Gas prices remain the economic variable that could determine whether this movement translates into sustained political pressure or fades as a single-day expression of anger. Fuel prices above $5 per gallon through summer will maintain pressure on the administration from suburban voters in swing states. Prices below $4 remove the most tangible economic grievance driving middle-class participation.

Minnesota's role as the symbolic center forces Democrats into a strategic bind. Congressional Democrats must choose between defending aggressive immigration enforcement tactics they criticized under previous administrations or appearing soft on border security. The shootings of Good and Pretti created emotional rallying points while also creating a policy problem for elected Democrats navigating between progressive activists and centrist voters.

The scale of March 28 exceeded every previous US protest by at least 1 million participants. Whether those numbers translate into November turnout depends on factors that won't be measurable until late summer: gas prices, developments in Iran, and how many of those 8 million people who marched on Saturday will show up to vote in eight months.

TLDR

An estimated 8 million people demonstrated across more than 3,300 events in all 50 US states on March 28, making it the largest single-day protest in American history. Organizers cited the Iran war, gas prices at $5.20 per gallon, mass deportations, and voting restrictions as primary grievances. Minnesota hosted the flagship rally with Bruce Springsteen performing after two federal agents killed residents monitoring ICE operations.

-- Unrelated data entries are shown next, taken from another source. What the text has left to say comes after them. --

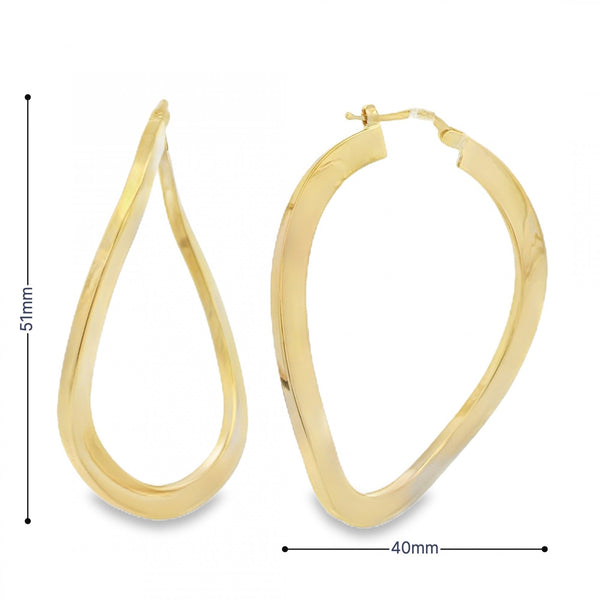9ct Yellow Gold Oval Wave Hoop Earrings - 40x51mm - 4.1g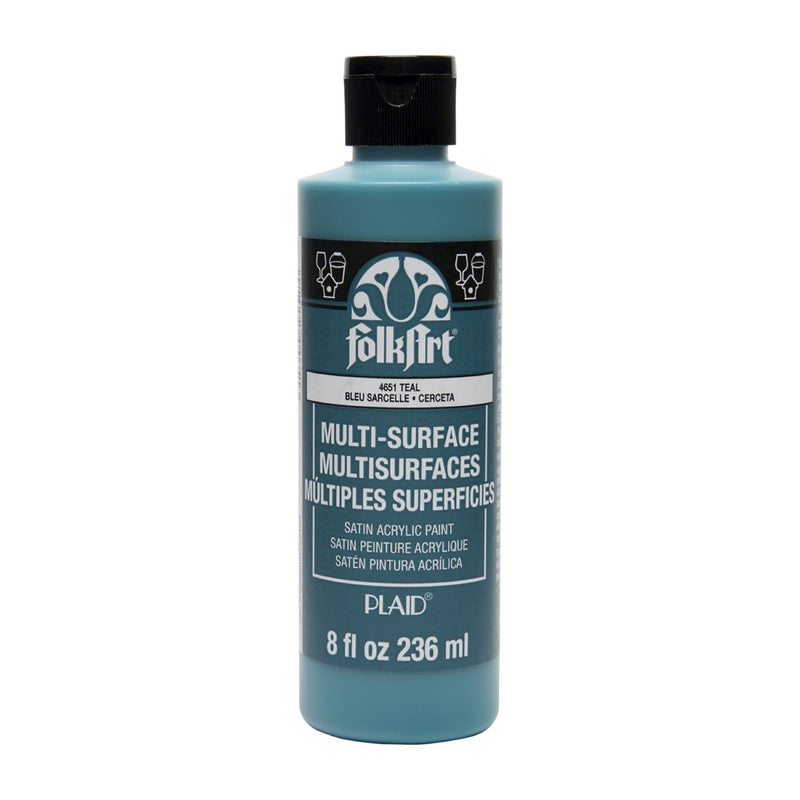 Acrylic Paint Satin Teal 8oz Folkart Multisurface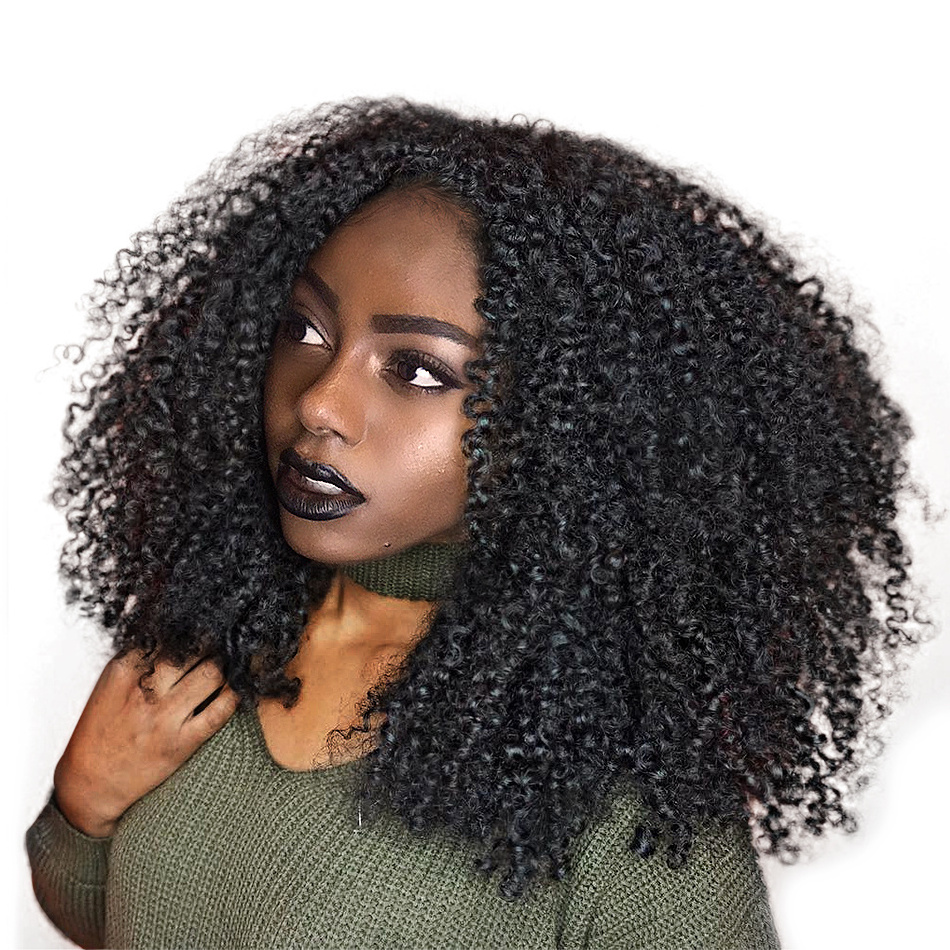 100% virgin indian remy temple Factory wholesale 14inch mongolian kinky curly hair short lace front wigs for black women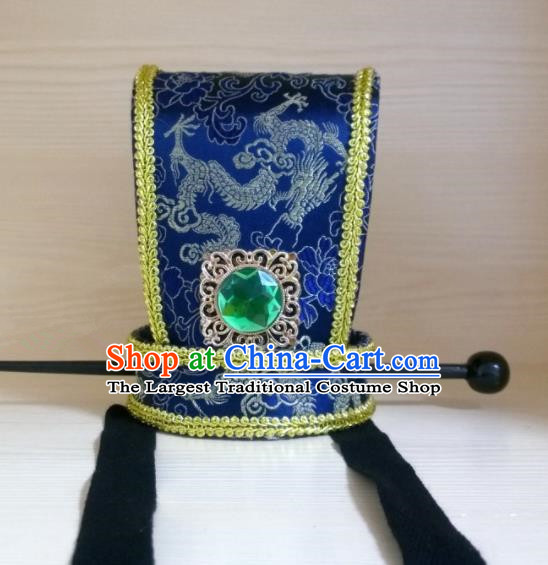 Chinese Ancient Prince Hair Accessories Tang Dynasty Swordsman Blue Hairdo Crown Headwear for Men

FREQUENTLY ASKED QUESTIONS

How many people participated in the No Kings protests on March 28?
Organizers estimated 8 million people participated in more than 3,300 events across all 50 US states. This is a self-reported figure. Local police confirmed large crowds in major cities, with San Diego Police counting 40,000 and St. Paul Police shutting down six blocks around the Minnesota Capitol for an estimated 200,000 attendees.
Why was Minnesota the flagship location?
Minnesota became the symbolic center after federal agents killed two residents monitoring immigration enforcement operations. Renee Nicole Good was shot on February 14 and Alex Pretti on February 21, both during ICE operations in Minneapolis. The state's response included daily counter-surveillance of federal agents and mass mobilization that organizers called the epicenter of resistance.
What were the main protest demands?
Protesters cited immigration enforcement tactics, the Iran war, fuel prices averaging $5.20 per gallon, rollback of transgender rights, voting restrictions, and elimination of diversity programs. Economic concerns dominated, with gas prices up from $3.40 in January driving household budget pressure.
How did the White House respond?
White House spokesperson Abigail Jackson dismissed the protests as 'Trump Derangement Therapy Sessions' organized by 'leftist funding networks.' The statement claimed little real public support and said only reporters paid to cover them cared. It did not address specific policy grievances or acknowledge the 8 million participant estimate.
Will there be more No Kings protests?
Organizers plan a fourth round in June 2026. The exact date has not been announced. The movement uses decentralized grassroots networks rather than centralized leadership, which enabled 3,300 simultaneous events on March 28.